6. The Commission submits that, based on an assessment of the aforementioned factors, the Court should grant the Commission leave to intervene in these proceedings.

7. First, the Commission has a real, substantial, and identifiable interest in the matter. The Commission is statutorily mandated, under the Human Rights Code, R.S.O. 1990, c. H-19, as amended, to protect human rights in Ontario and has been doing so for nearly 50 years. Given the recent changes to the human rights regime in Ontario, the Commission’s role has moved from one of processing individual complaints to focusing on systemic and public interest discrimination issues. It is respectfully submitted that the matter before this Court is precisely this type of issue.
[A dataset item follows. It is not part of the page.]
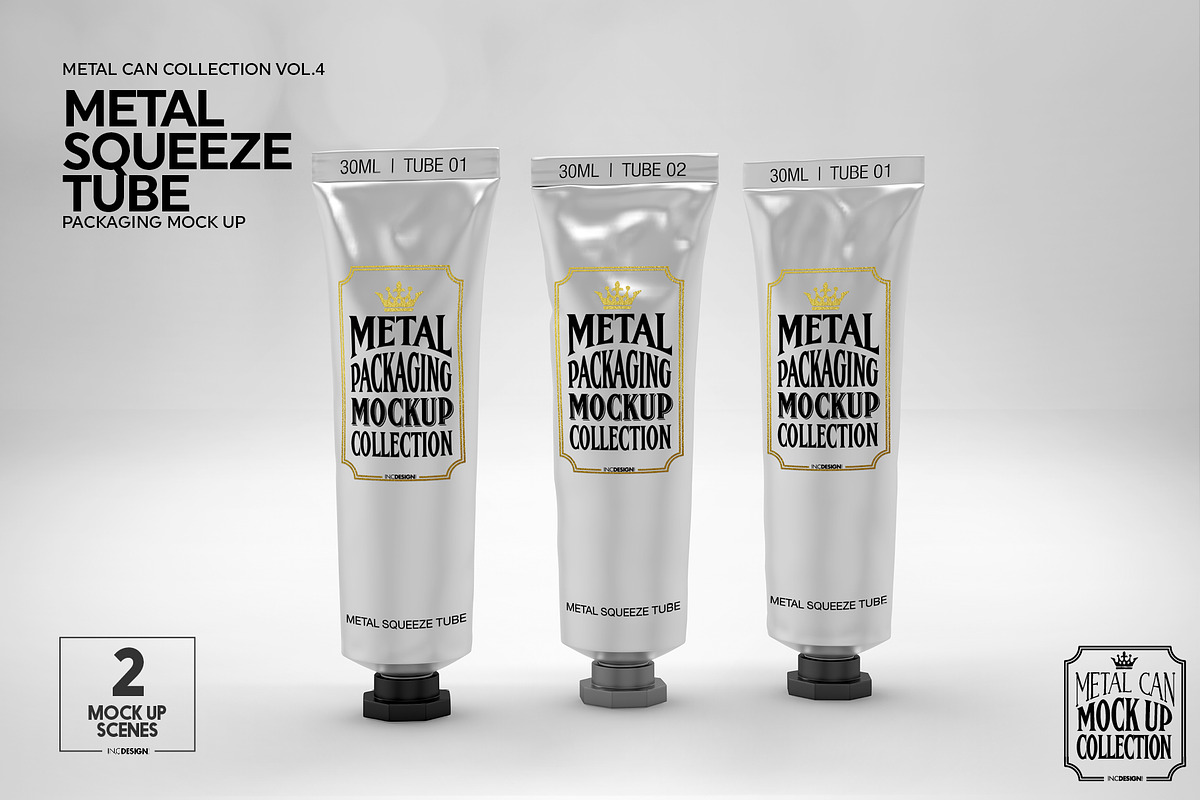 Metal Squeeze Tubes Packaging Mockup, a Packaging Mockup by INCDesign (Photo 8 of 10)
8. The matter before this Court raises an issue of competing rights. On the one hand, the complainant is being forced to remove her niqab or veil, which she wears pursuant to her religious beliefs. On the other hand, the defendants believe that their right to full answer and defence would be circumscribed by an inability to question the complainant without her veil. The Commission is uniquely positioned to provide the Court with a perspective as to the analysis required when faced with two potentially competing rights.

9. Second, the issues that arise are a matter of public policy and public interest. Issues of competing rights arise with increasing frequency in the context of human rights and constitutional law litigation. A decision in the matter before this court will not only have specific application in this case, but will have broader ramifications in determining how to balance religious beliefs against other rights. In this religiously and culturally diverse city and province, this type of issue will continue to arise in various forms and venues. While a decision in this matter will directly affect Muslim women who wear a niqab, the Court’s analysis and reasoning will also impact other cases of religious accommodation and the nature and extent of religious accommodation provided in our courtrooms.

10. Third, the Commission can make a useful contribution to assist the Court to resolve the issue, and bring experience and expertise to the hearing of the application. The issue to be decided on this application is squarely within public policy, the public interest and the Commission’s mandate. Specifically, section 29 of the Human Rights Code, R.S.O. 1990 c. H. 19 as amended, states, in part:

The functions of the Commission are to promote and advance respect for human rights in Ontario, to protect human rights in Ontario and, recognizing that it is in the public interest to do so and that it is the Commission’s duty to protect the public interest, to identify and promote the elimination of discriminatory practices...

11. In fulfillment of this mandate, the Commission has frequently been granted intervenor status at all levels of court and before administrative tribunals, bringing to these various proceedings its experience and expertise on a number of issues, including issues of competing rights.

  1. For example, the Commission has intervened at the Supreme Court of Canada in a trilogy of noteworthy religious accommodation cases over the past five years:
  • In Amselem, orthodox Jewish residents of a Montreal condominium wanted to build a succah, or religious hut, on their balconies during the annual nine-day religious festival of Succot. Other condominium owners claimed that this religious belief conflicted with their right to peaceful enjoyment and free disposition of property under the Quebec Charter of Human Rights and Freedoms;

    Syndicat Northcrest v. Amselem [2004] 2 S.C.R. 551.
  • In Multani, a Sikh youth sincerely believed that he was required to carry his kirpan, or religious dagger, at all times, including at school, albeit in a discrete and restricted fashion. This religious belief was in conflict with the school’s safety concerns regarding weapons on school property;

    Multani v. Commission Scolaire Marguerite-Bourgeoys [2006] 1 S.C.R. 256.
  • In Hutterian Bretheren, members of a Christian religious group sincerely believed that having their photograph voluntarily taken violated the Bible’s second commandment against idoltry and was a sin. This religious belief competed against Alberta’s security concerns in preventing identity theft, fraud and other misconduct through the use of a mandatory photo requirement on driver’s licences.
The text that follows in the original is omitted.